Dari pengalaman bangsa Israel ini kita belajar bahwa kesadaran akan kesalahan biasanya datang terlambat. Ketika kita bersalah atau berdosa, kita menghibur diri kita “tidak apa-apa” dan tidak ada rasa penyesalah/kesedihan, karena pada waktu itu kita belum merasakan dan mengalami konsekwensi dosa. Namun begitu konsekwensi dosa itu kena kepada kita, kita tidak sanggup untuk menanggungnya, karena apa yang kita alami itu berbeda dengan apa yang kita pikirkan sebelumnya. Jauh lebih berat.

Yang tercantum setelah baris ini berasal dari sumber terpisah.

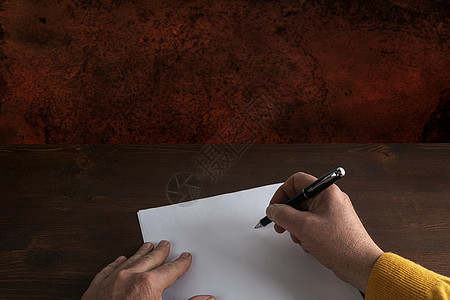 写在白纸上日记写作桌子木头教育笔记笔记本文档圆珠笔头脑图片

Hidup benar dalam panggilan imamat, religius dan perkawinan itu membutuhkan kesetiaan dan ketekunan yang menggembirakan. Pelanggaran-pelanggaran yang kita lakukan pada profesionalitas kita sebagai imam, janji prasetya kita dalam hidup religius dan perkawinan itu pada awalnya memang tidak terasa dampaknya, tetapi pada suatu saat itu ada konsekwensi yang mestinya kita terima. Dan konsekwensinya tidak mudah bahkan sampai kehacuran total hidup panggilan kita dan tidak mudah untuk pemulihan seperti dahulu kala. Kepada kita dapat berseru kita kita berada dalam situasi tersebut kalau tidak ke tarekat atau ke keluarga kita? Orang mengatakan bahwa lebih baik terlambat bertobat daripada tidak. Namun prinsip itu perlu kita ubah: kita lebih baik fokus membangun kesetiaan. Beberapa pasangan hidup dalam situasi ratapan seperti ini karena penyelasan atas perbuatannya dan keinginan untuk kembali masih mendapatkan penolakan.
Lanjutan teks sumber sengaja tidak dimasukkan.